The highly publicized case was sent back to the high court after the Supreme Court dismissed in June last year a lower court ruling that handed the now 26-year-old man life imprisonment, saying the decision was too lenient.
The defendant, whose name is being withheld under the Juvenile Law because he was 18 when he committed the crime, maintained during the latest trial that he hovered over the victim, Yayoi Motomura, because she reminded him of his late mother and that he had sex with her after her death "in order to bring her back alive."
However, prosecutors argued that his explanation was too abrupt and a weak distortion, saying, "It is clear that the defendant changed his confession repeatedly in accordance with the results of forensic and psychiatric evaluations," prosecutors said.
"The pretext offered by the defendant is only an excuse, and there is no reason to spare him capital punishment," said prosecutors.
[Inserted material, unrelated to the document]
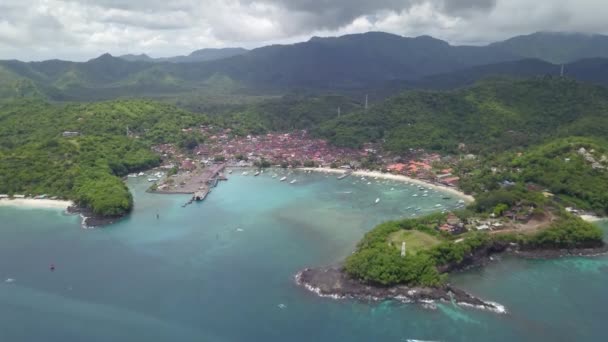 Vliegend op een drone boven de haven van Padang Bai port bali-sia zichtbare grote transportschepen en kleine boten — Stockvideo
The defendant was convicted of murder and rape resulting in death for strangling 23-year-old Motomura, and her 11-month-old daughter Yuka, at their home in Hikari, Yamaguchi Prefecture, on April 14, 1999.
During the latest appeal, the defendant denied his intention to kill Motomura, maintaining that he found himself choking her after he tried to put her down because she resisted. Prosecutors, however, claimed that it was clear that he intended to kill her because he kept pressing her neck with his bare hands for more than five minutes.